DataLinter GitLab CI
June 25, 2026 · View on GitHub
A GitLab CI to run DataLinter—a contextual data and code linter for machine-learning and statistical-modelling workflows—inside a reproducible Docker container. Results are automatically posted as a comment on pull requests.
Table of Contents
- What is DataLinter?
- Features
- Quick Start
- Inputs
- Outputs
- Workflow Examples
- How It Works
- DataLinter Configuration
- Troubleshooting
- Contributing
- License
What is DataLinter?
DataLinter detects potential issues in data files and associated code (R, Python, etc.) used in ML/statistical pipelines.
Features
- Reproducible execution via a pre-built Docker image (
ghcr.io/zgornel/datalinter-compiled:latest). - Automatic mounting of data, code, and configuration directories.
- Full output capture (stdout + stderr) wrapped in a Markdown code block.
- Automatic PR commenting (edits previous comment if it exists).
- Composite action—works on any runner that supports Docker and is configured for Docker-in-Docker (dind).
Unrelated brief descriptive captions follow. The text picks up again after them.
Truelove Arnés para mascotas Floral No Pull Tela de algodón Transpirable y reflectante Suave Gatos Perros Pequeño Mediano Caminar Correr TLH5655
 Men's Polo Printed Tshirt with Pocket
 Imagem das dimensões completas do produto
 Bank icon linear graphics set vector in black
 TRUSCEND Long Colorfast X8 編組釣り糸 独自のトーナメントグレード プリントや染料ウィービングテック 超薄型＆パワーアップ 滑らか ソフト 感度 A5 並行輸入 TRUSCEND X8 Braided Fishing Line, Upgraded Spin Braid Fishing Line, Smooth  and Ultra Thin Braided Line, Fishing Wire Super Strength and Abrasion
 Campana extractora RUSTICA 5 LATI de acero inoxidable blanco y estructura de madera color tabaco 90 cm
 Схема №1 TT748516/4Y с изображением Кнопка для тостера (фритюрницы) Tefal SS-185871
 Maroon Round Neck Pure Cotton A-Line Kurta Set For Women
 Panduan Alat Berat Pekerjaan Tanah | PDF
- Flexible logging levels.
Quick Start
- Add
gitlab-ci.ymlto your main branch before creating a PR. - Create a
GITLAB_TOKENCI/CD variable (Project or Personal Access Token with api scope). - Ensure the CI/CD runner is configured for Docker-in-Docker (dind).
Inputs
datalinter-gitlab-ci has the following inputs:
DATA_PATH(required), path to the data relative to thegitlab-ci.ymlCODE_PATH(required), path to code, relative togitlab-ci.ymlCONFIG_PATH(required), path to thedatalinter.tomlfile configuration, relative togitlab-ci.ymlLOG_LEVEL(optional, default is'debug'), logging level; can be'debug','info','warning'and'error'.
Outputs
Complete DataLinter output (stdout + stderr) formatted as a Markdown code block.
How it works
-
The supplied paths are split into directory and filename components.
-
It pulls
ghcr.io/zgornel/datalinter-compiled:latest -
Three Docker volumes are mounted:
- Code directory →
/tmp - Data directory →
/_data - Config directory →
/_config
- Code directory →
-
datalinterbinary is executed inside the container. -
All output is captured and stored in the
datalinter_output.txt. -
On
merge_request_event(that includespushon the MR branch), the output is automatically posted (or edited) as a MR comment.
DataLinter Configuration
Create a datalinter.toml file in your repository. Full documentation and example configurations are available in the DataLinter repository.
Troubleshooting
- “No such file or directory” → Verify the three paths exist relative to the checkout directory.
- Output too verbose → Set log-level:
'warning'or'error'.
Reporting Bugs
Please file an issue to report a bug or request a feature.
License
This project is licensed under the MIT License. See LICENSE for details.